Apple reported record-breaking results again and its precipitous slide to doom could not be any more imminent.
“Apple’s best days are behind it, says top analyst” (Tip o’ the antlers to @BradSkid.)
Just hours before Apple is set to report quarterly earnings, one top Internet analyst said the tech company’s best days are behind it.
That’s great timing if you want to get on the news, not so good timing if you want to be accurate.
“Ehhh, I don’t have all the facts but I’m pretty sure I know what I’m twerking about. … Talking. I meant to say ‘talking’. What did I say?”
“The fear is that Apple is entering growth purgatory,” senior analyst Toni Sacconaghi of Sanford C. Bernstein said Tuesday on CNBC’s Halftime Report.
This is the fear we’ve had for almost 15 years and we’re sticking to our guns. It’s gotta be right eventually!

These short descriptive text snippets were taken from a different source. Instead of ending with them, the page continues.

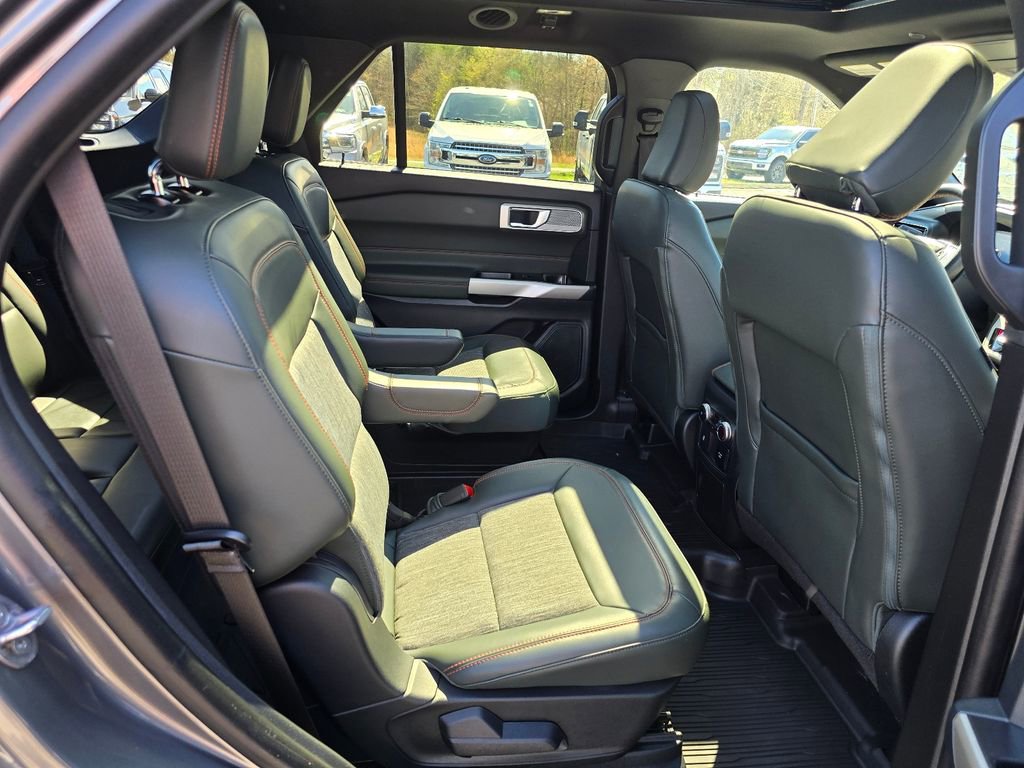 Used 2023 Ford Explorer Timberline w/ Timberline Technology Package AWD/4WD image 10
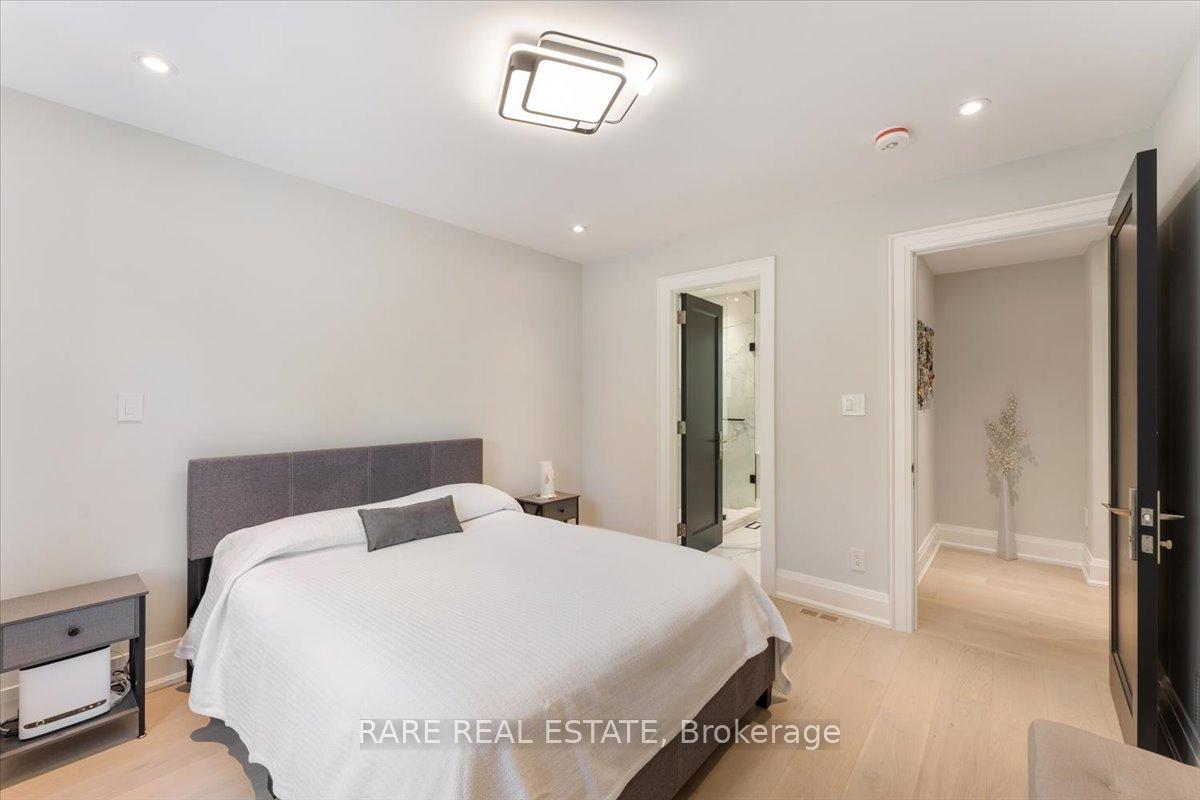 Photo 3 of 1566 Mount Pleasant Road, Toronto, Lawrence Park North — HOMEH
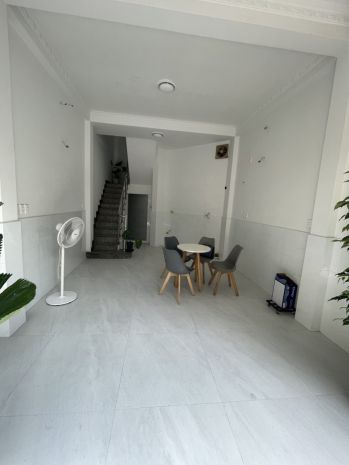 Bán nhà mặt tiền 40m2 4 tầng ngang 4,4m 4 tầng dòng tiền 7220632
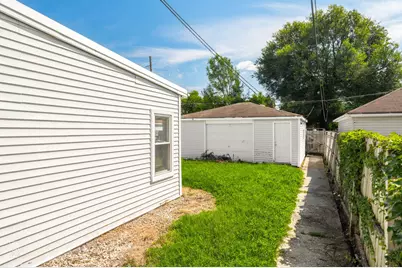 10639 S Forest Avenue, Chicago, IL 60628 - Photo 19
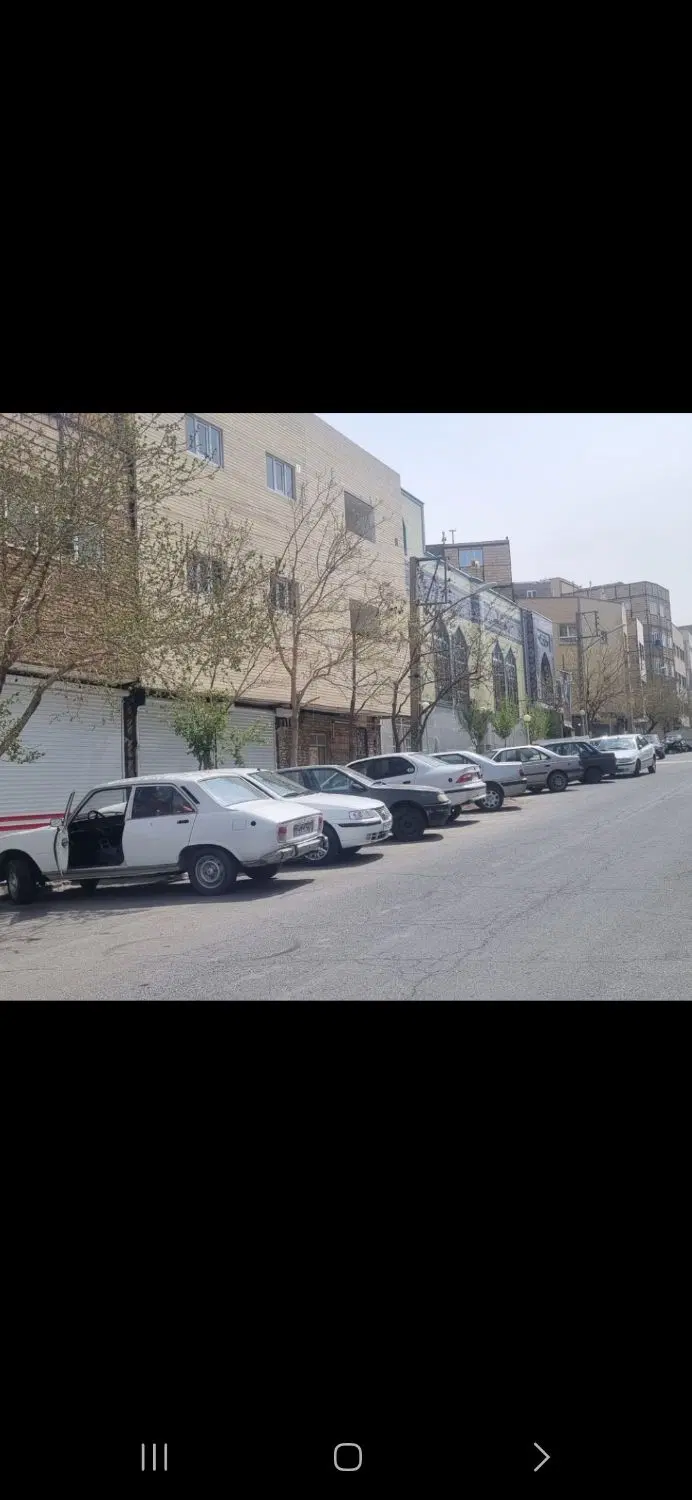حیاط و قطعه گلنگی در شمس تبریزی امیر خیز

Sacconaghi got a question in during Apple’s quarterly conference call that more gently suggested the same thing. Cook’s reply?
I recognize that people can have their own models and so forth, but just to make it clear that I’m not agreeing with your point.
That’s CEO speak for “Don’t make me fly out there and literally give you a wedgie because I have my own plane and also a pair of gloves I use specifically for this purpose.”
Though he still believes the company will be a “moderate grower,” Sacconaghi told CNBC that Wall Street has already factored Apple’s decline into its math.
Apparently not everyone got Sacconaghi’s memo:
”Wall Street seems happy with Apple’s results, guidance”
Read the writing on the wall in the Sanford C. Bernstein men’s room, people.
“I think its best days are behind it,” Sacconaghi said. “The Street is discounting that Apple’s free cash flow will decline in perpetuity.”
It wasn’t exactly free cash flow. They did have to work for it.
The thing the Macalope doesn’t understand is that while people so repeatedly point out that Android has all the market share, they also seem to think there’s no place for the iPhone to go. These things are not immutable. But no matter how many times Tim Cook points out the switcher number or their incredible growth rates in emerging markets, they’re like “Tim, please! You’re only embarrassing yourself!” The Mac’s ability to grow shipments while the rest of PC market prematurely faces the slow heat death of the universe only falls on their deaf ears.
No, you’re right. Wall Street not getting Apple isn’t news.